Within the listing below, the lines to output run from the one containing "Алексей Навальный - Навальный" through the one containing "morčák chocholatý - ML286662011"; copy them exactly and nothing else.

Information shown —
--------------------
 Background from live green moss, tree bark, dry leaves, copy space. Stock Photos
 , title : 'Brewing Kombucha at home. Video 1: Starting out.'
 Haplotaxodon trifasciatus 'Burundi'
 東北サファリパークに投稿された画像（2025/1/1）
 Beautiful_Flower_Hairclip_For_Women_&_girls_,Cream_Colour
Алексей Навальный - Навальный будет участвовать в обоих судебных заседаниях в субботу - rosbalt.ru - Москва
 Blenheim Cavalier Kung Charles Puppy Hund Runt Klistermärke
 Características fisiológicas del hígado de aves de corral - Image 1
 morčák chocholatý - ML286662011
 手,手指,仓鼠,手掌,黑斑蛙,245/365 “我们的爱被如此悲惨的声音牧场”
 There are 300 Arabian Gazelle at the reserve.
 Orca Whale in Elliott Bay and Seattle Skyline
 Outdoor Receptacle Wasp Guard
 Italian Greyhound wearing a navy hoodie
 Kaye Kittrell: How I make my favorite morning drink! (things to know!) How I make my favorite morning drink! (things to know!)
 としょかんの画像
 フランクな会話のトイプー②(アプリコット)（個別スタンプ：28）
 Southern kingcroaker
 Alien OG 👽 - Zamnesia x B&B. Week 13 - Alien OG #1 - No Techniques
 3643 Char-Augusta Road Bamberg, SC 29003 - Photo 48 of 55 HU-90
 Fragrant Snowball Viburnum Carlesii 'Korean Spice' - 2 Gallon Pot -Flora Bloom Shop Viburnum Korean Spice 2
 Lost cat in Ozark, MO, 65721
--------------------
Task solution —
Алексей Навальный - Навальный будет участвовать в обоих судебных заседаниях в субботу - rosbalt.ru - Москва
 Blenheim Cavalier Kung Charles Puppy Hund Runt Klistermärke
 Características fisiológicas del hígado de aves de corral - Image 1
 morčák chocholatý - ML286662011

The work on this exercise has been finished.